- SUPPLIED ENTRIES -
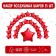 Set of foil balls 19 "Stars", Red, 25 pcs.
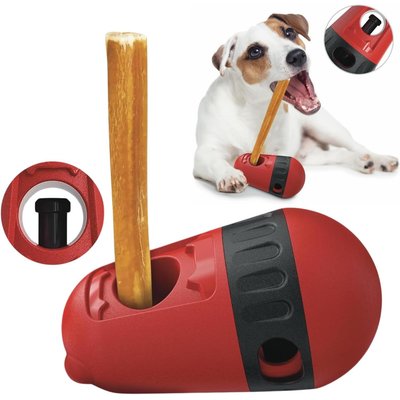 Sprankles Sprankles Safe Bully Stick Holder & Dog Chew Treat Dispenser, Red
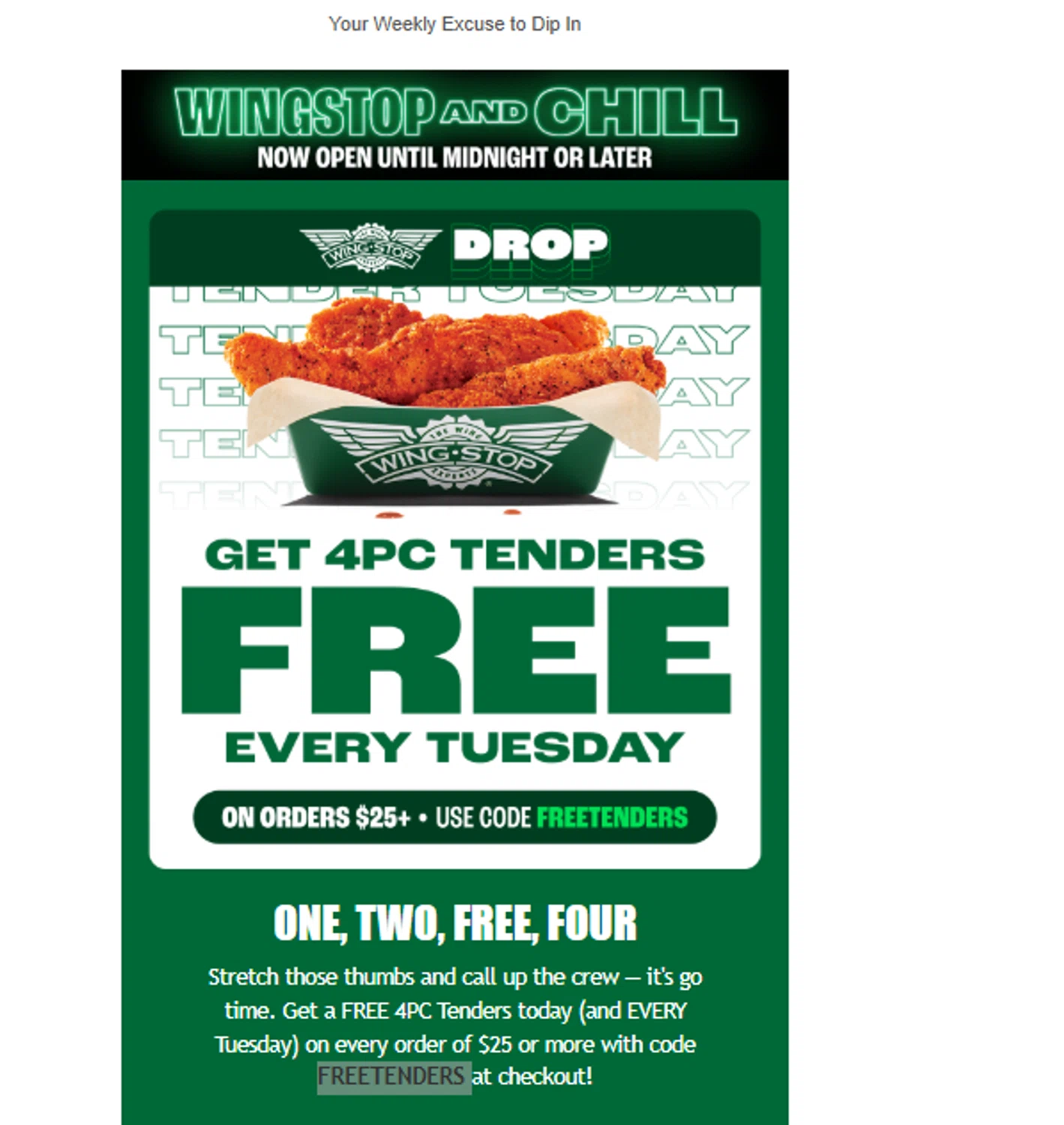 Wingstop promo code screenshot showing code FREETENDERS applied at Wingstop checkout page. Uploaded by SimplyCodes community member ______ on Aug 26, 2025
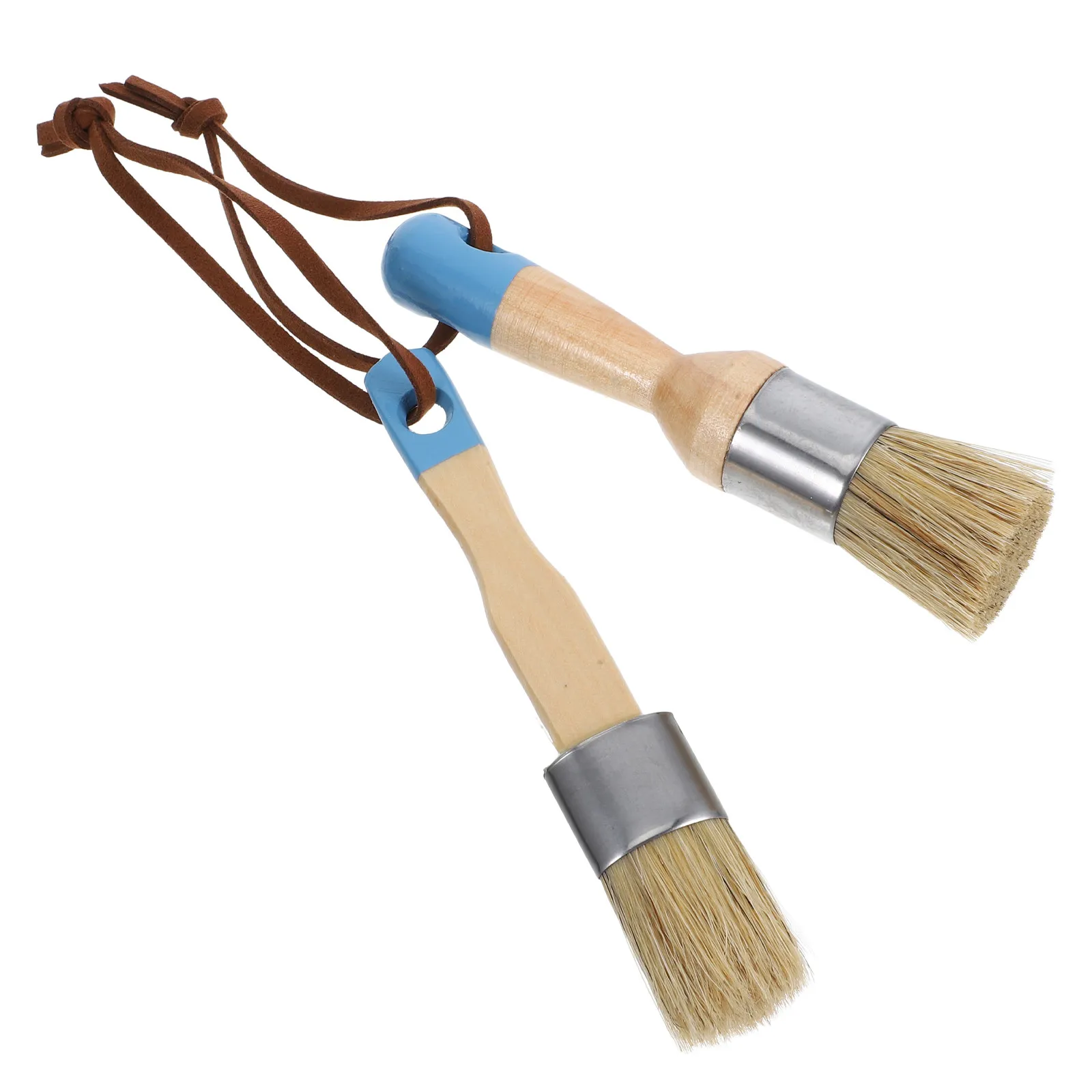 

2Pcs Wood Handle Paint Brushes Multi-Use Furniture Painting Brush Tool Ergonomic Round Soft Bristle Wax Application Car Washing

...

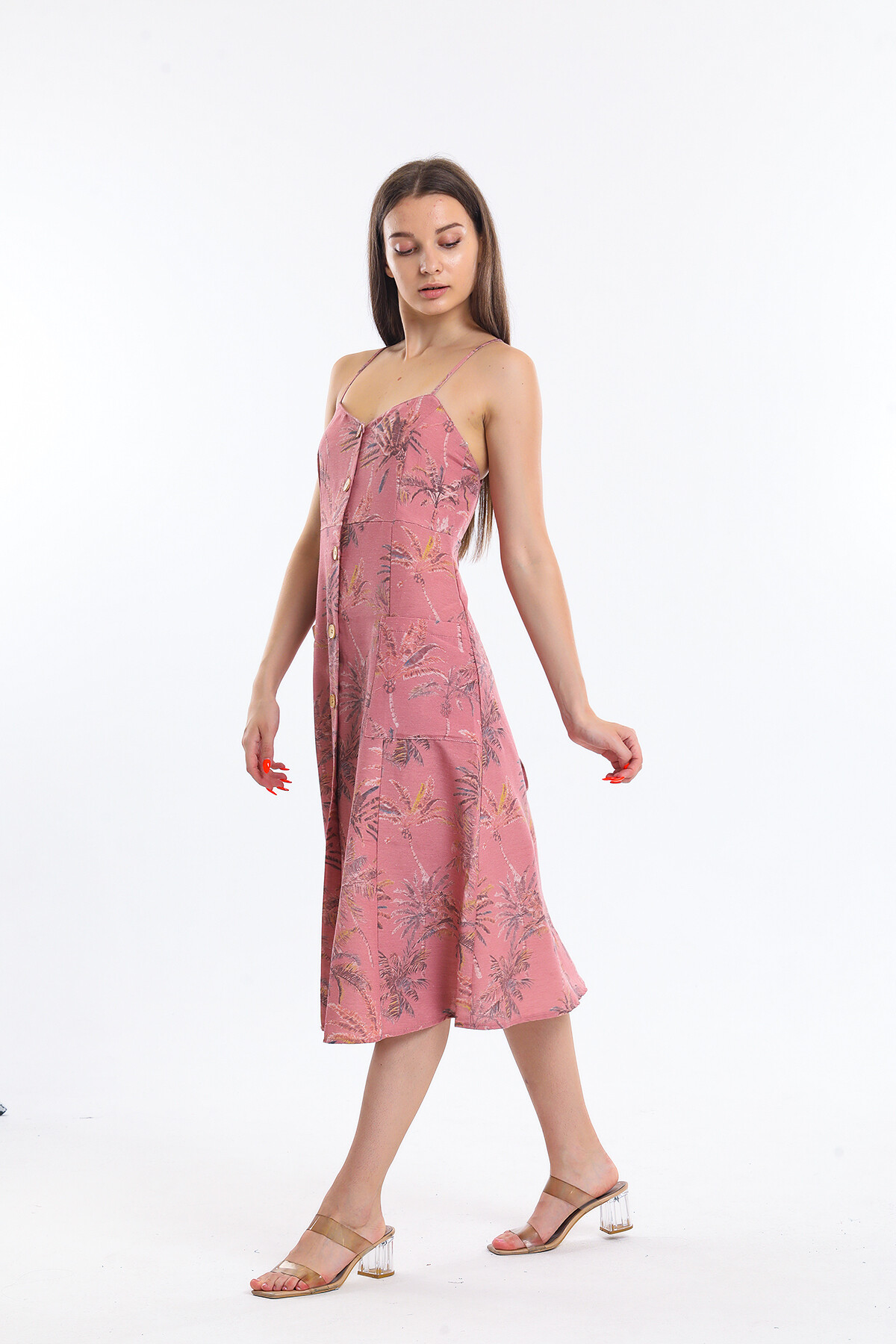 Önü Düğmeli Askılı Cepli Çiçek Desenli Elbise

- TASK DIRECTIONS -
Copy out the lines above from the line containing "Set of foil" through the line containing "2Pcs Wood Handle", exactly, and keep the pictures out.

- TASK ANSWER -
 Set of foil balls 19 "Stars", Red, 25 pcs.
 Sprankles Sprankles Safe Bully Stick Holder & Dog Chew Treat Dispenser, Red
 Wingstop promo code screenshot showing code FREETENDERS applied at Wingstop checkout page. Uploaded by SimplyCodes community member ______ on Aug 26, 2025

2Pcs Wood Handle Paint Brushes Multi-Use Furniture Painting Brush Tool Ergonomic Round Soft Bristle Wax Application Car Washing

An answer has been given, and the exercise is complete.